What you have to do:
With the pictures left out, set down the line containing "Imagen del producto" and each line after it to the end of the material, exactly as written.

Data for analysis:

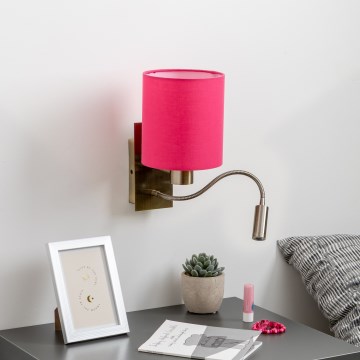 Brilagi - LED Flexibilní nástěnná lampa NUBILA 1xE27/25W/230V + LED/3W mosaz/růžová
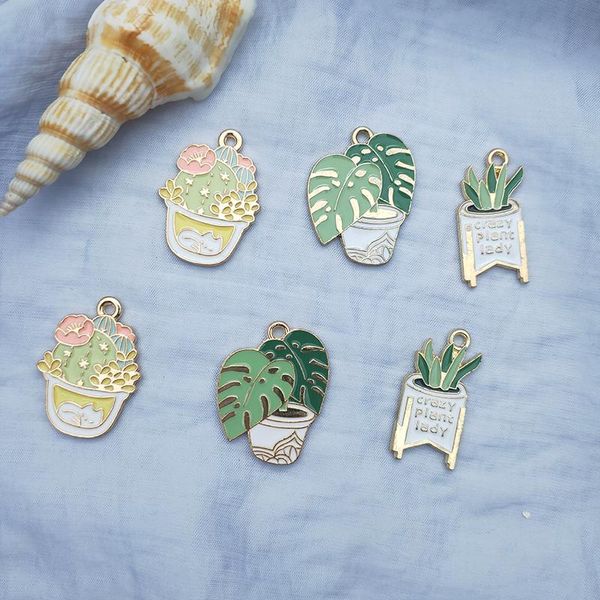 

charms 10pcs alloy drip oil pendant charm cactus plant potted earrings diy jewelry making keychain bracelet accessories, Bronze;silver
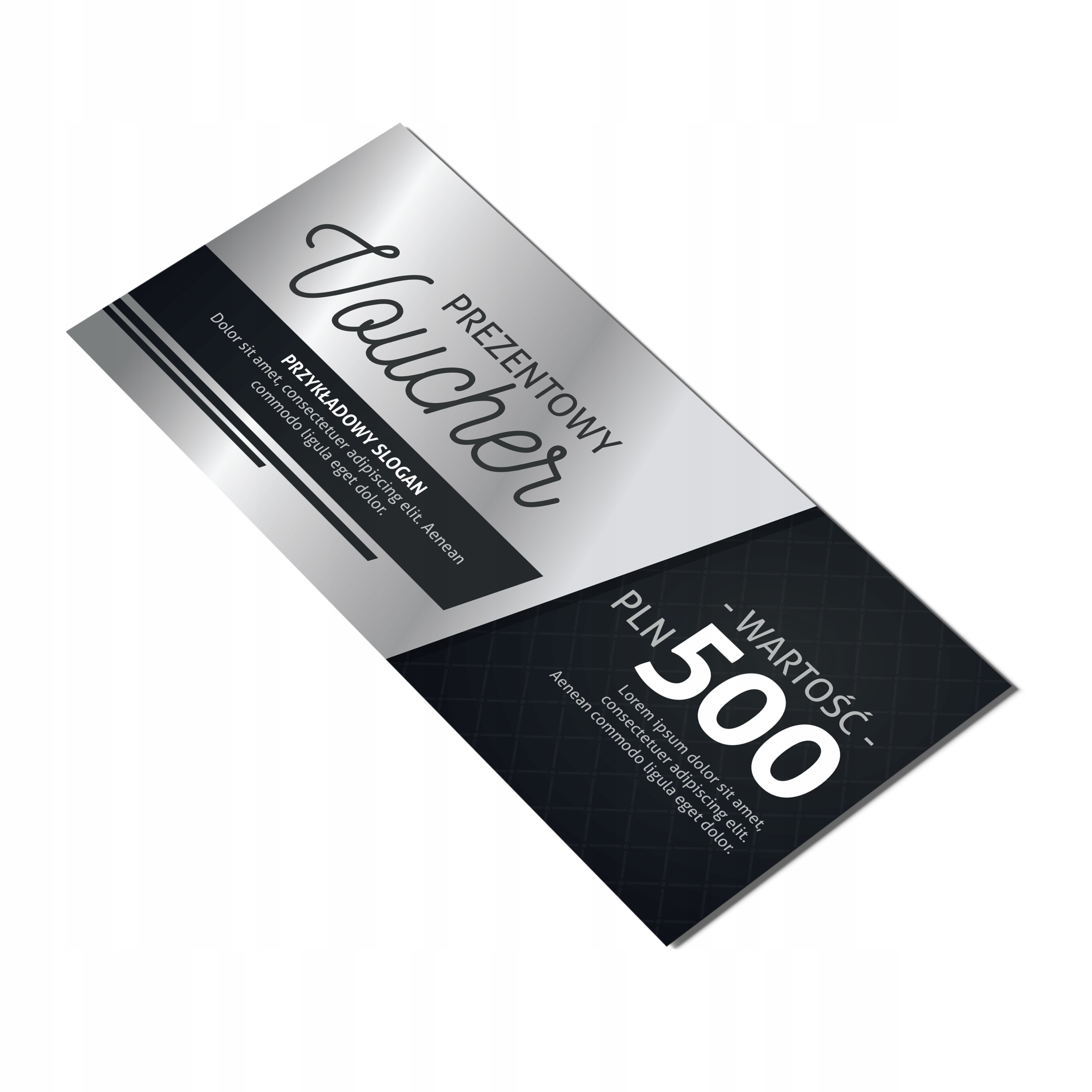 Vouchery prezentowe srebrne MAT 99x210mm 350g DARMOWY PROJEKT 50 sztuk Format papieru format DL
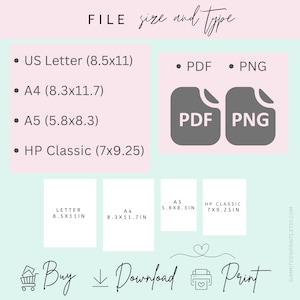 May include: A digital print file size and type guide. Includes US Letter (8.5x11), A4 (8.3x11.7), A5 (5.8x8.3), and HP Classic (7x9.25) sizes. Available in PDF and PNG formats. The image also includes the words "Buy, Download, Print."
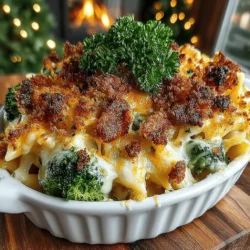 Broccoli and Ham Cheesy Delight Bake is a quintessential comfort food that brings warmth and satisfaction to the dinner table. This dish perfectly combines tender pasta, vibrant broccoli, savory ham, and a rich, creamy cheese sauce. Not only does it delight the taste buds, but it also provides a hearty meal that feels indulgent while incorporating essential nutrients.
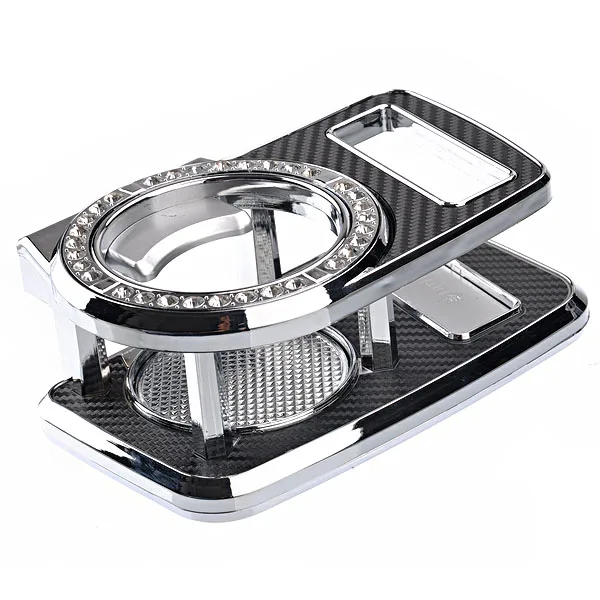 

BK-33 Multifunctional Design Car Drink Holder with 32 Glass-diamond Crystals (Black)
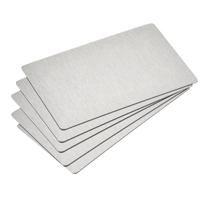 Uxcell 5Pcs Blank Metal Card 80x50x0.4mm Plating 201 Stainless Steel Plate Silver Tone for Laser Engraving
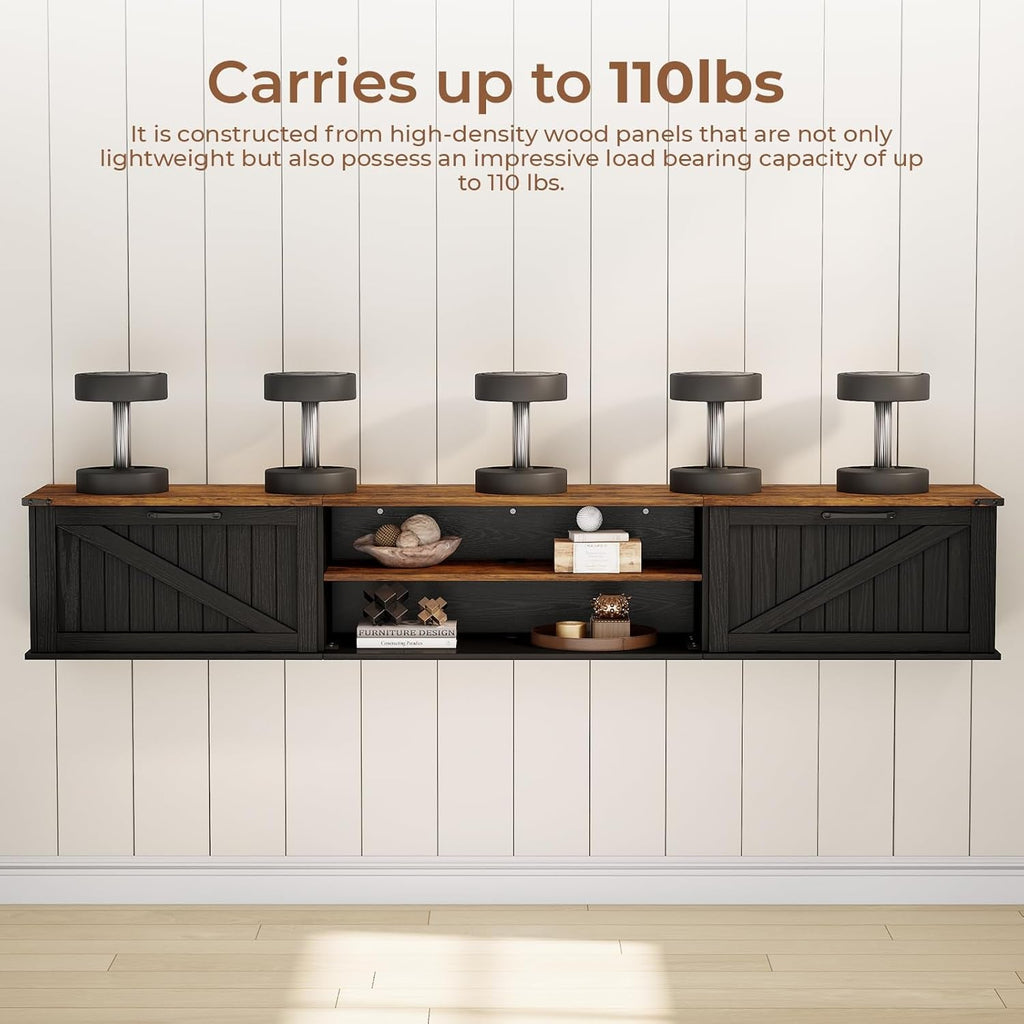 Seventy Inch Floating TV Stand Featuring Doors Black-4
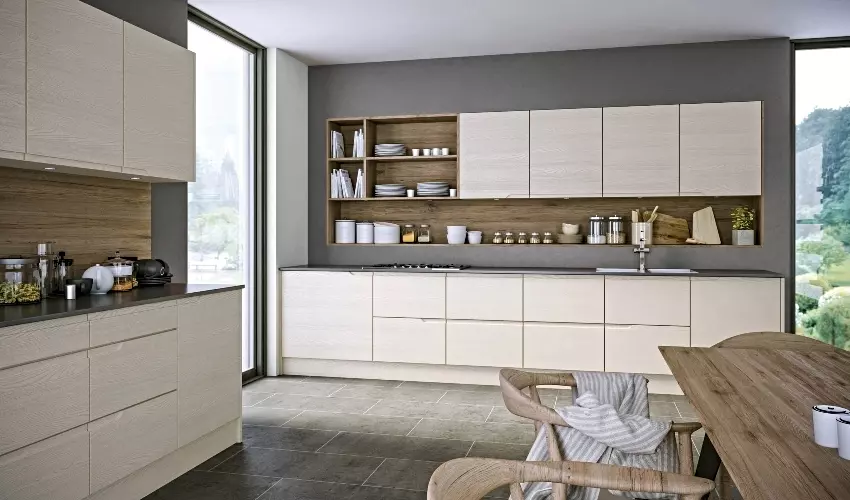 Knebworth Style Kitchen Pictured in Oakgrain Cashmere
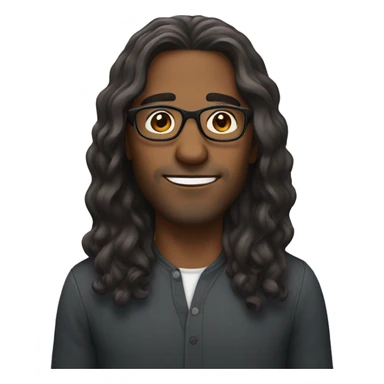 Brown skinned man with long hair with round glasses  sticker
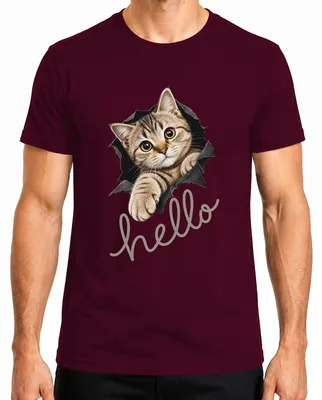 Imagen del producto de Camiseta para hombre con estampado "Hola, gatito lindo", diseño sarcástico, color burdeos, talla L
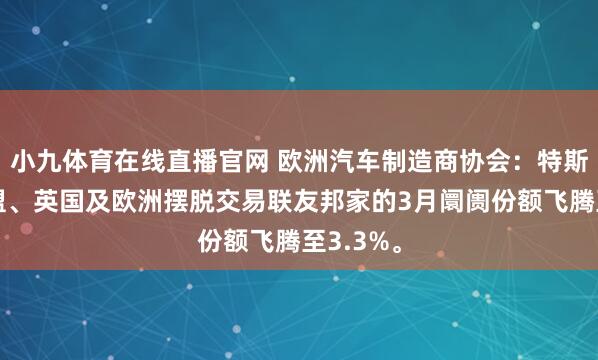 小九体育在线直播官网 欧洲汽车制造商协会：特斯拉在欧盟、英国及欧洲摆脱交易联友邦家的3月阛阓份额飞腾至3.3%。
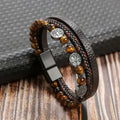 Leather Tree of Life Beaded Bracelet for Men style 1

Task result:
 Imagen del producto de Camiseta para hombre con estampado "Hola, gatito lindo", diseño sarcástico, color burdeos, talla L
 小九体育在线直播官网 欧洲汽车制造商协会：特斯拉在欧盟、英国及欧洲摆脱交易联友邦家的3月阛阓份额飞腾至3.3%。
 Leather Tree of Life Beaded Bracelet for Men style 1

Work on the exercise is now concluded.